### Data extracts:
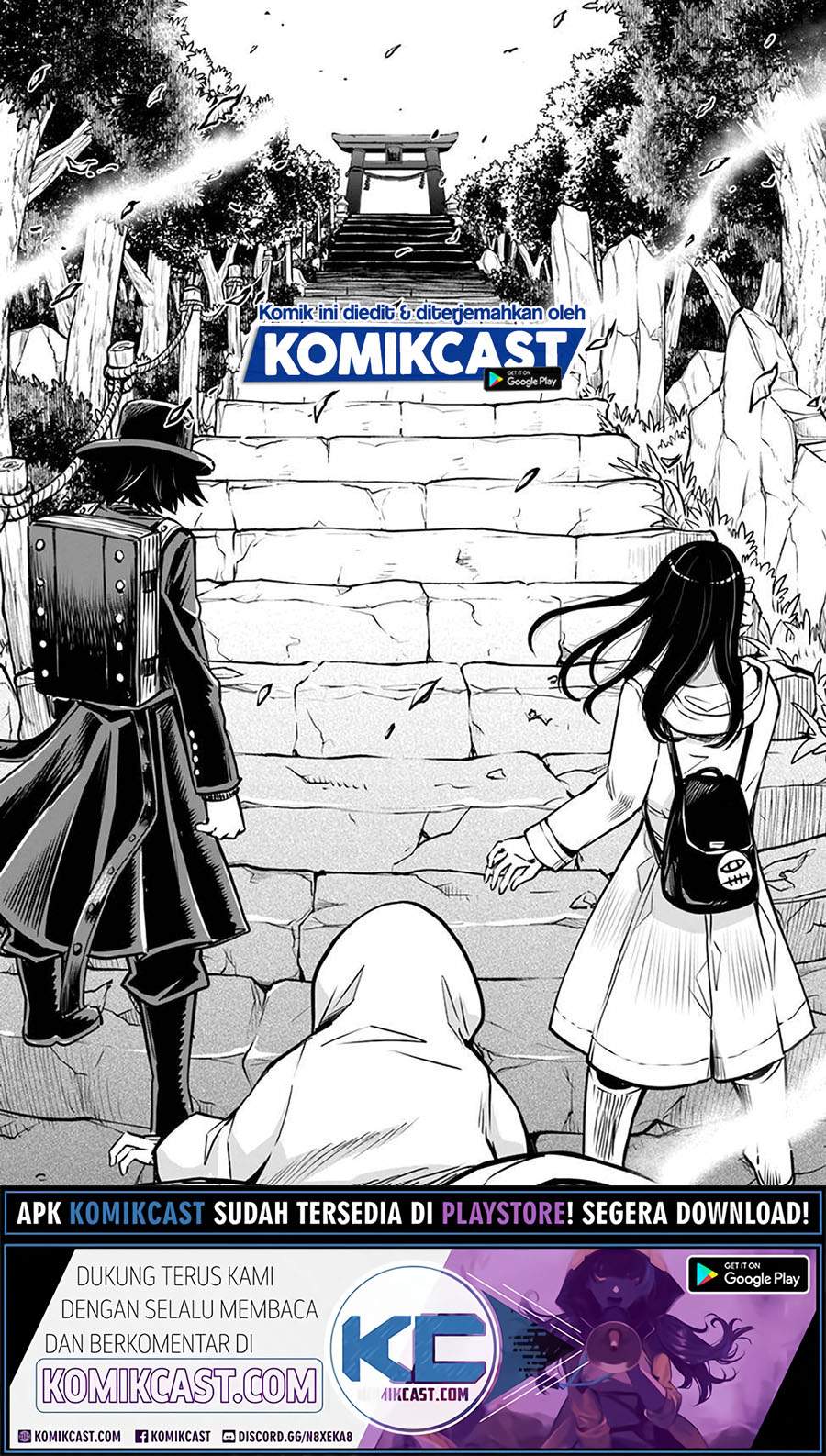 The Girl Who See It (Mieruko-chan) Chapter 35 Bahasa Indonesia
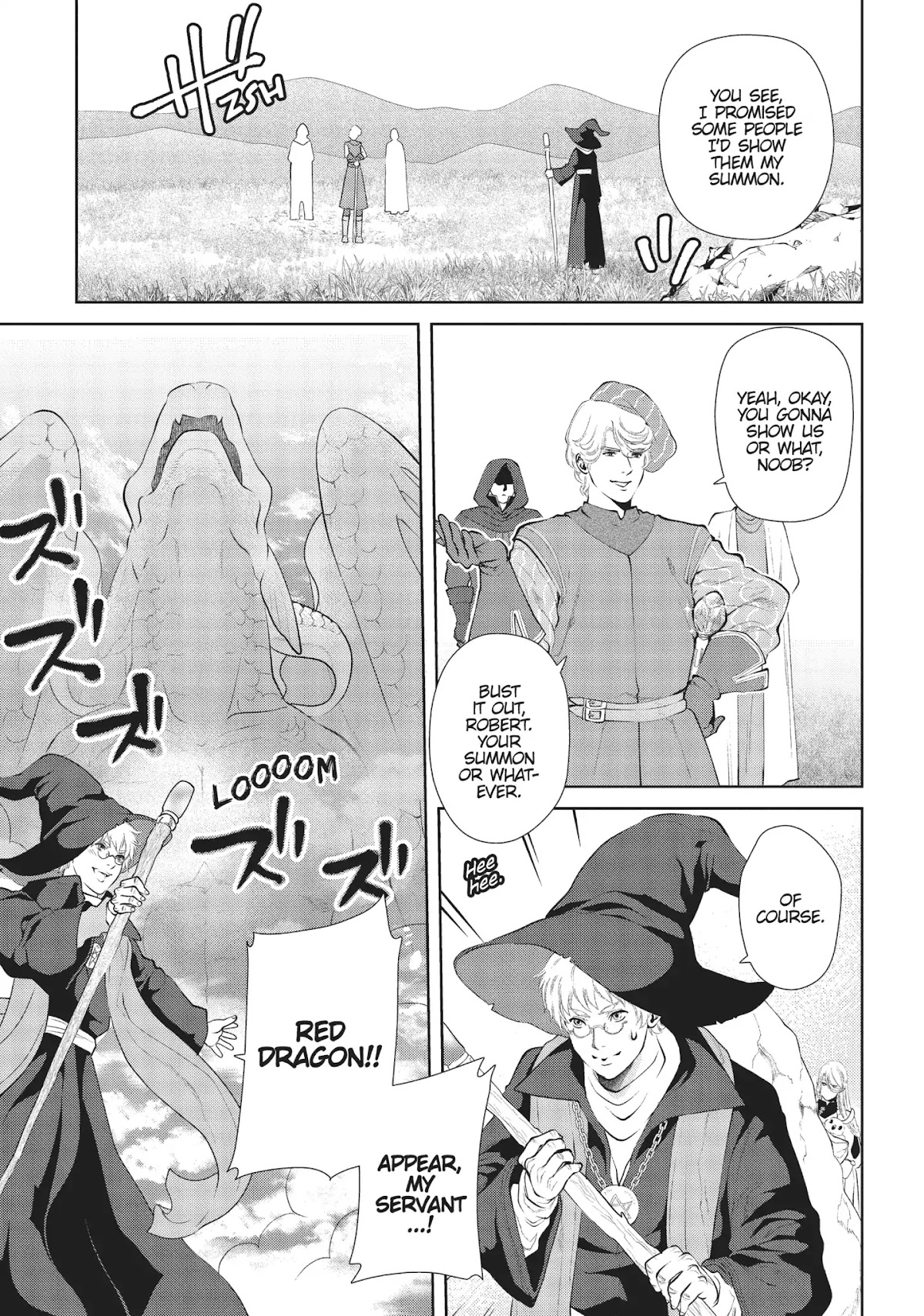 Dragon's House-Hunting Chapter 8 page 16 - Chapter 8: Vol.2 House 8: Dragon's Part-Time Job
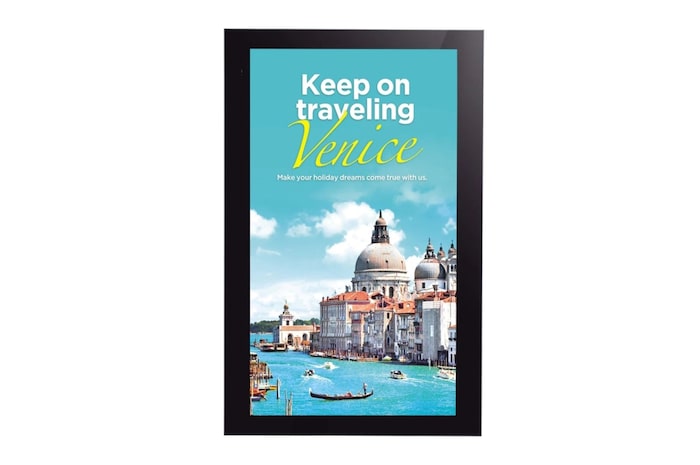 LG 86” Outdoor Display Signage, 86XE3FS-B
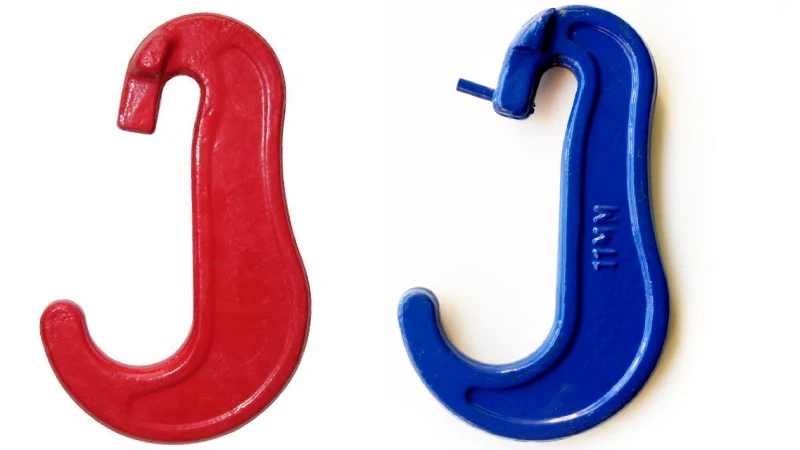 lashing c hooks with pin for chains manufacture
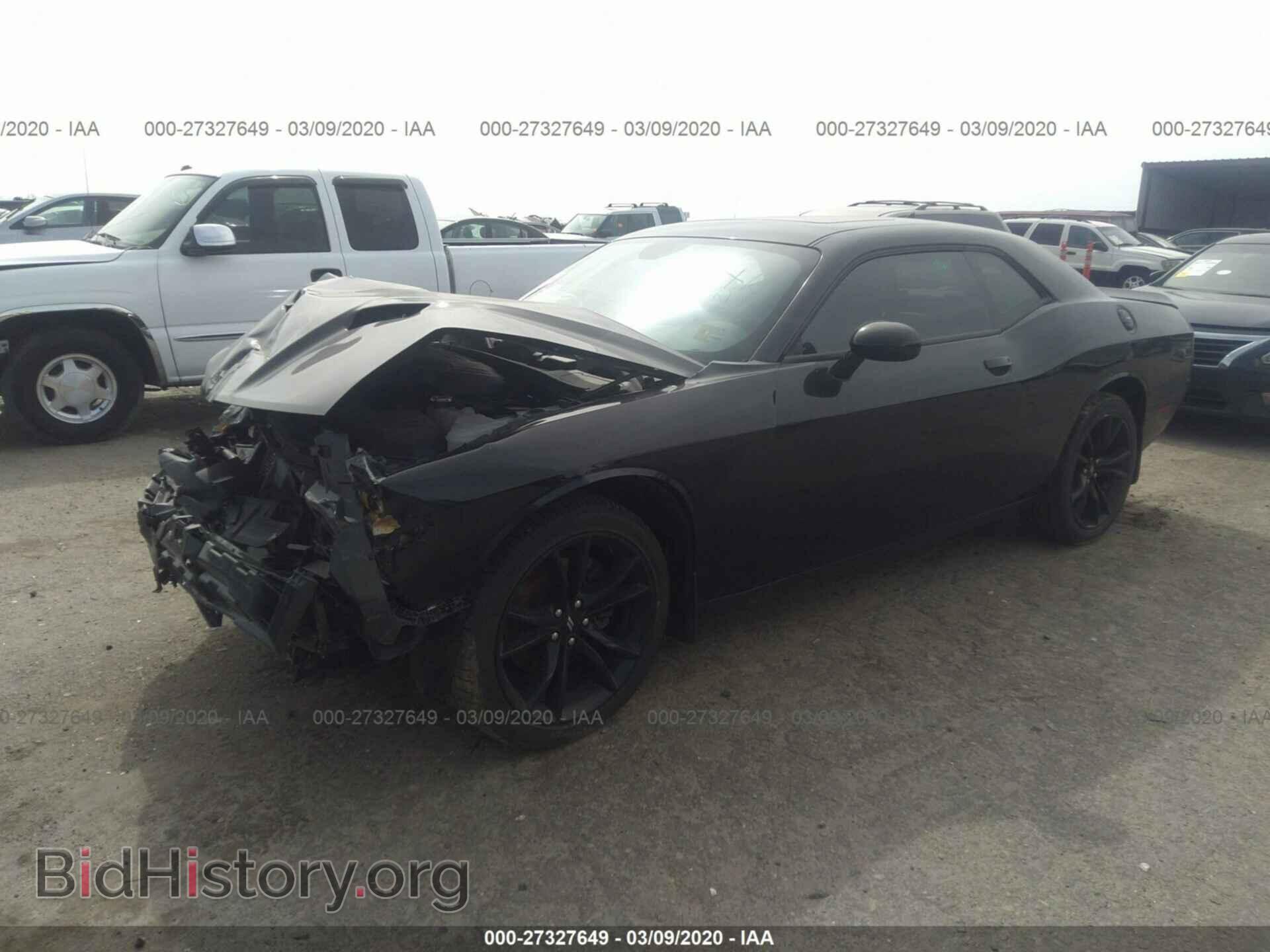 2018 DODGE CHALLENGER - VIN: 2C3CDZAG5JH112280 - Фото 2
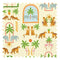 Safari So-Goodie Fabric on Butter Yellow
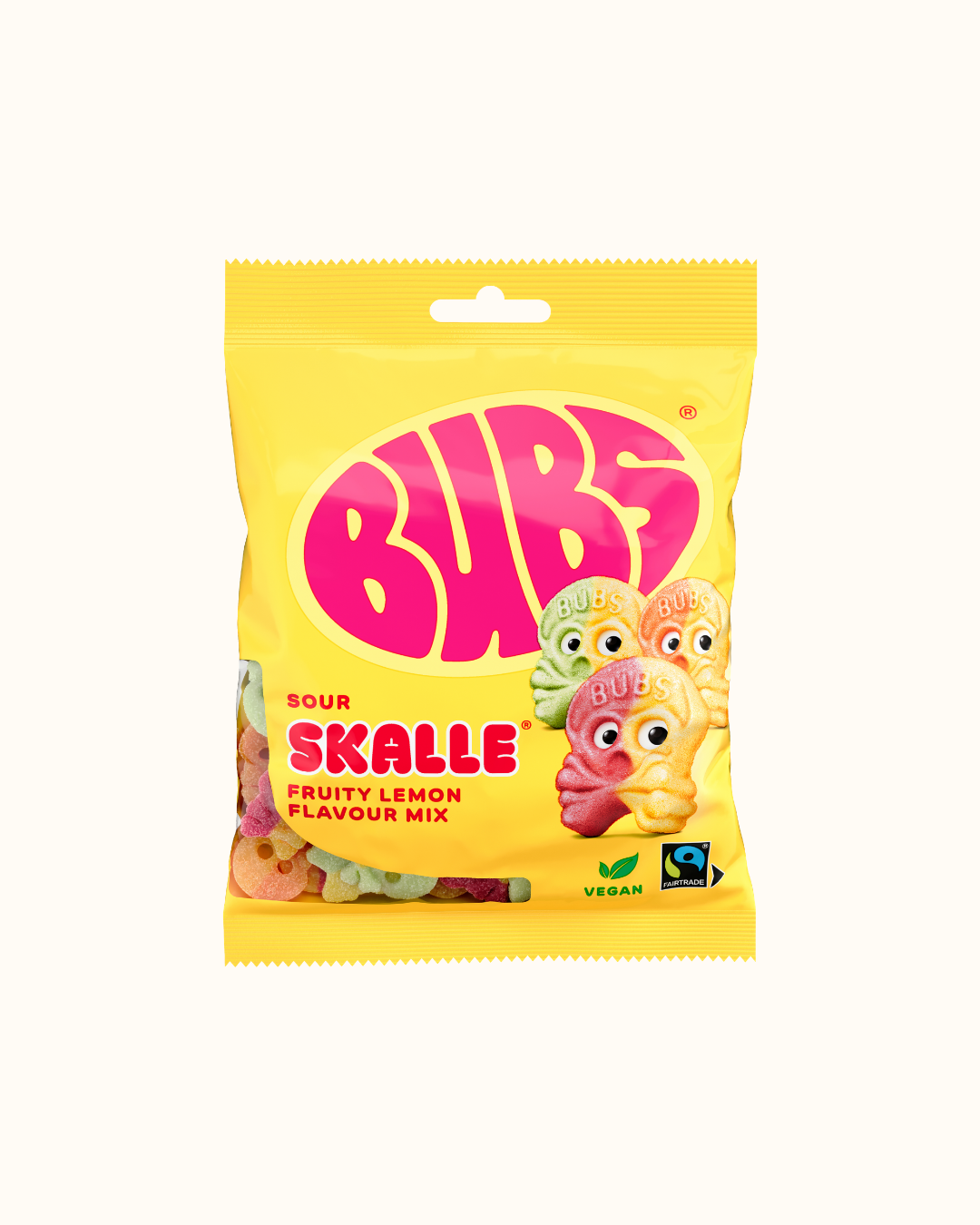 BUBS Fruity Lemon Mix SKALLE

### About this task:
Transcribe the listing above verbatim. Omit the pictures.

### Response to the task:
 The Girl Who See It (Mieruko-chan) Chapter 35 Bahasa Indonesia
 Dragon's House-Hunting Chapter 8 page 16 - Chapter 8: Vol.2 House 8: Dragon's Part-Time Job
 LG 86” Outdoor Display Signage, 86XE3FS-B
 lashing c hooks with pin for chains manufacture
 2018 DODGE CHALLENGER - VIN: 2C3CDZAG5JH112280 - Фото 2
 Safari So-Goodie Fabric on Butter Yellow
 BUBS Fruity Lemon Mix SKALLE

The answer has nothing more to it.